* [Exercise data]
= = = = =
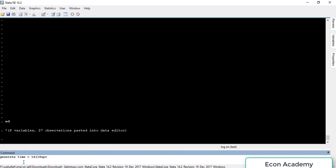Then we write the starting year as well, which in this case is 1990. So the full command is: 'generate', then the name of the new variable, then equal-to, then 'td(' with the starting date, starting month in three digits, and the starting year, then a closing parenthesis, then a plus sign, then '_n minus 1'.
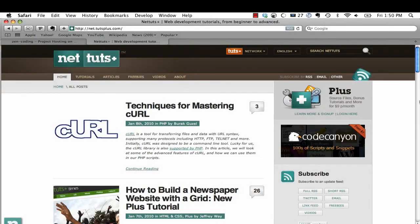Hey everybody, Jeffrey Wei here. I have a quick tip for you. I'm going to show you how to write lightning-fast code by using a project called Zen Coding.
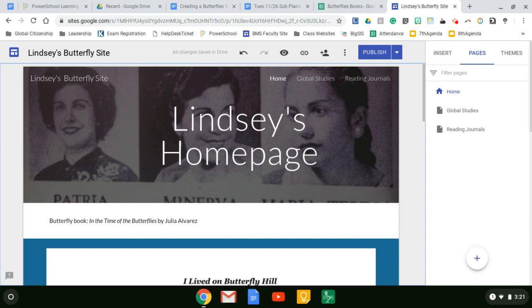Hi students! So today we're going to talk about how to create a new Google site that you're going to use in reflection while reading the butterfly books.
= = = = =
* [Activity]
Retype the data word for word, please, and keep the images out.

* [Completed exercise]
Then we write the starting year as well, which in this case is 1990. So the full command is: 'generate', then the name of the new variable, then equal-to, then 'td(' with the starting date, starting month in three digits, and the starting year, then a closing parenthesis, then a plus sign, then '_n minus 1'.
Hey everybody, Jeffrey Wei here. I have a quick tip for you. I'm going to show you how to write lightning-fast code by using a project called Zen Coding.
Hi students! So today we're going to talk about how to create a new Google site that you're going to use in reflection while reading the butterfly books.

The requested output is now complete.